**Exercise instructions**.
Print the lines of the entries below from the one with "Анализ себестоимости товарной" through the final line, exactly as they appear. The pictures are not part of the copy.
——————————
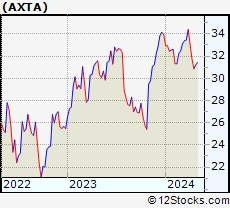 Stock Chart of Axalta Coating Systems Ltd.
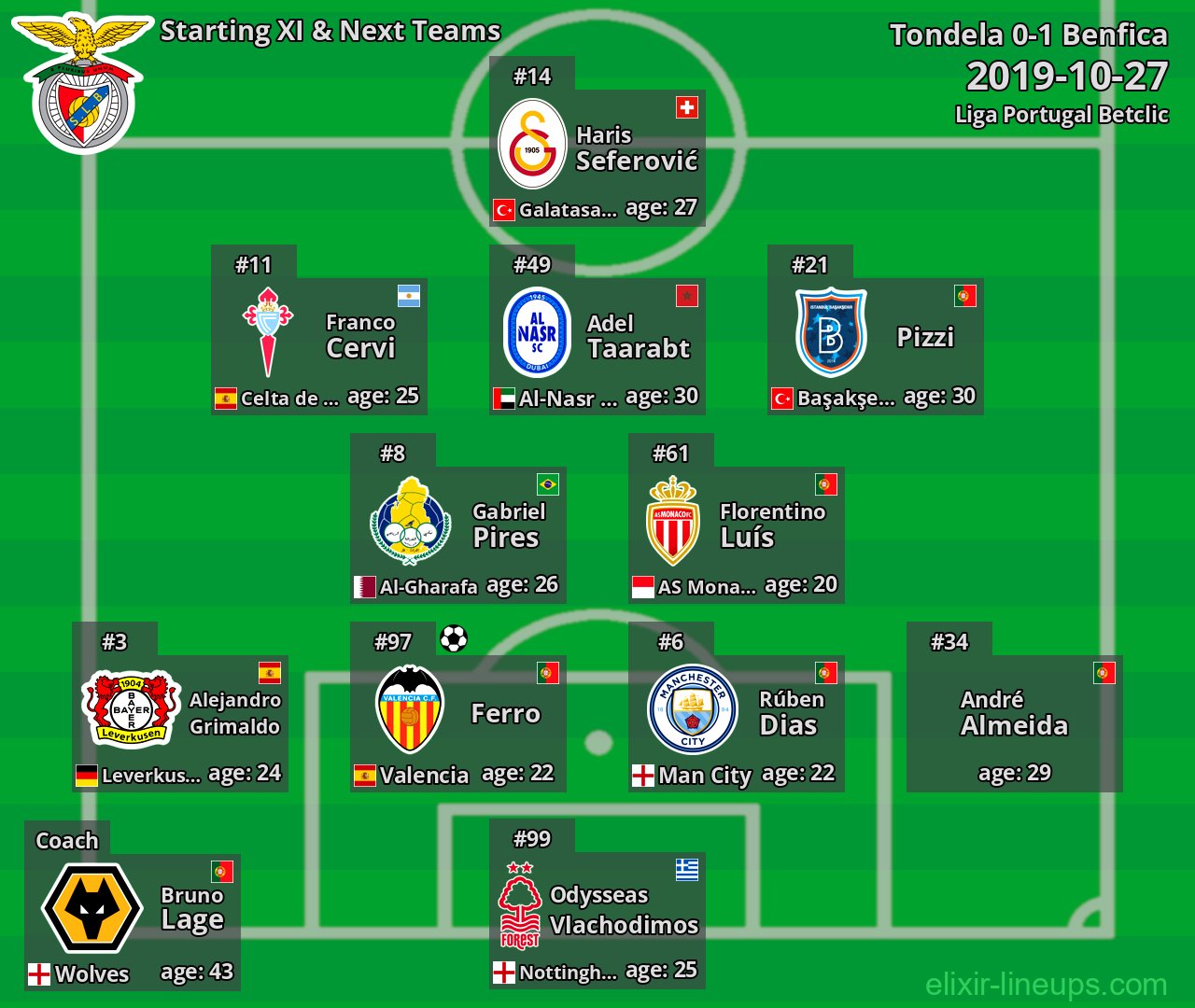 Benfica Starting XI & Next Teams 2019-10-27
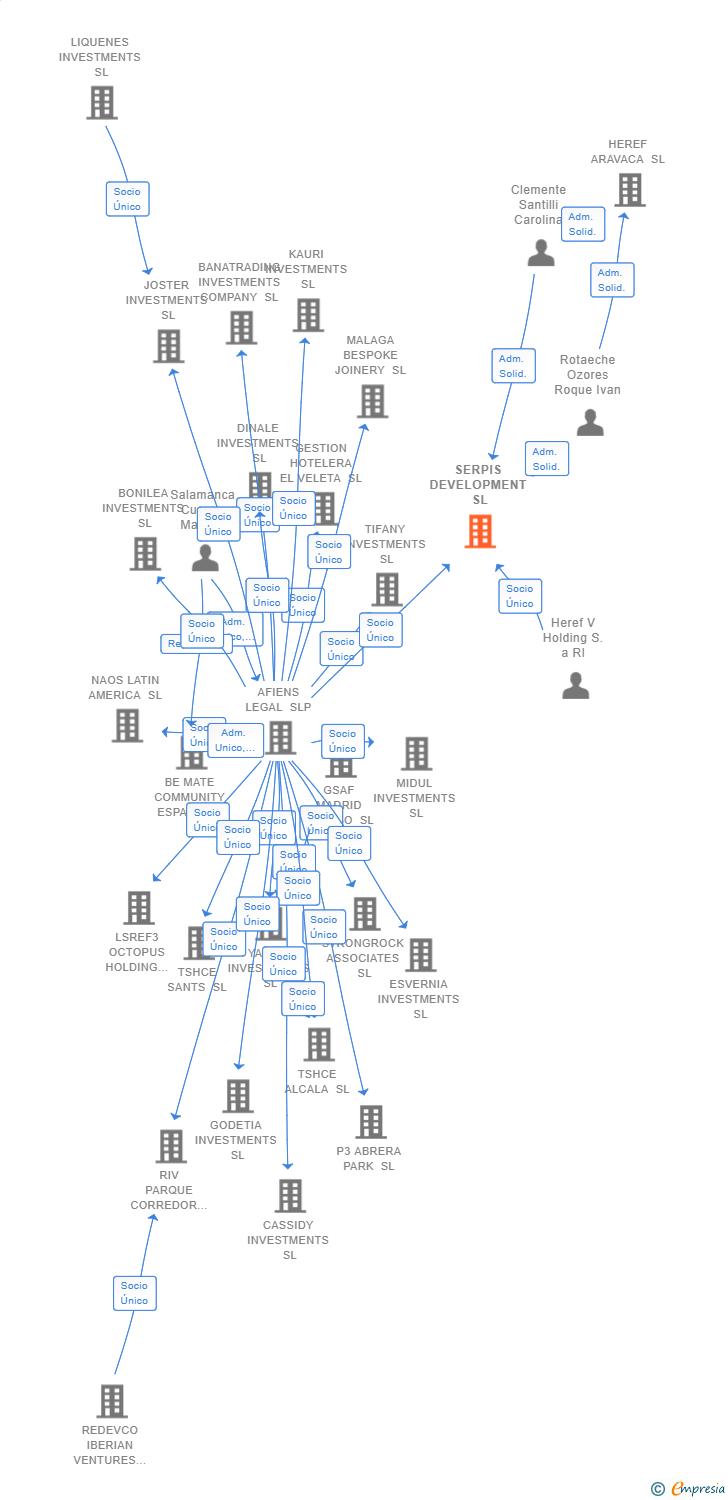 Vinculaciones societarias de SERPIS DEVELOPMENT SL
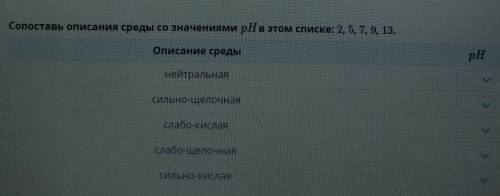 Сопоставь описания среды со значениями рН в этом списке:​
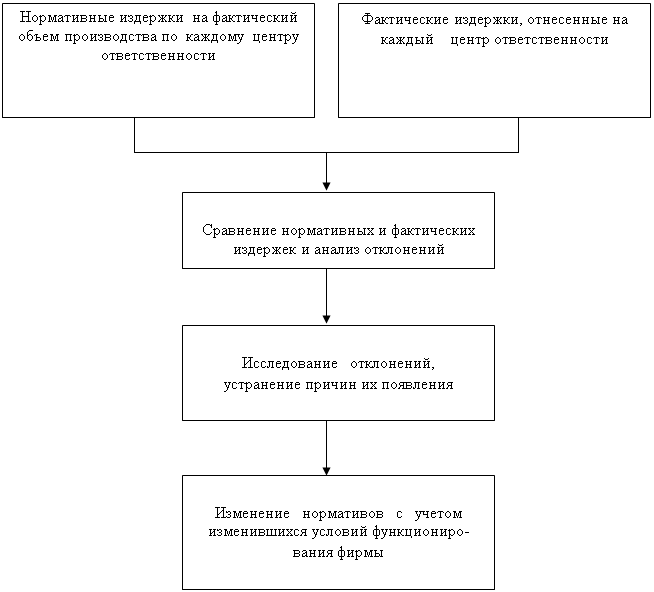Анализ себестоимости товарной продукции на примере ОАО «Нижнекамскшина»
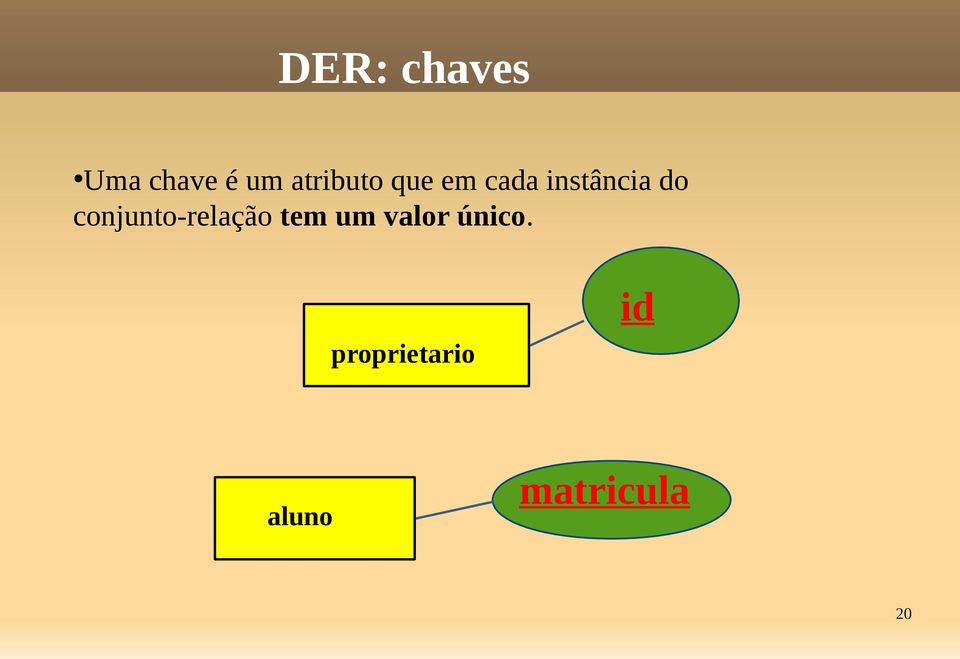 do conjunto-relação tem um valor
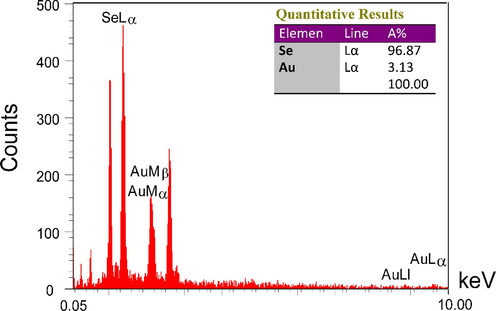 The EDX analysis of Se-Au-CS.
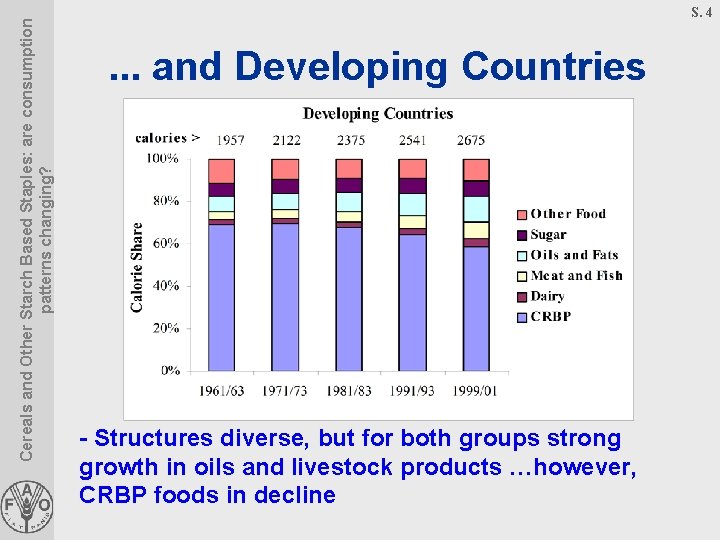 staples photo developing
——————————
**Response to this exercise**.
Анализ себестоимости товарной продукции на примере ОАО «Нижнекамскшина»
 do conjunto-relação tem um valor
 The EDX analysis of Se-Au-CS.
 staples photo developing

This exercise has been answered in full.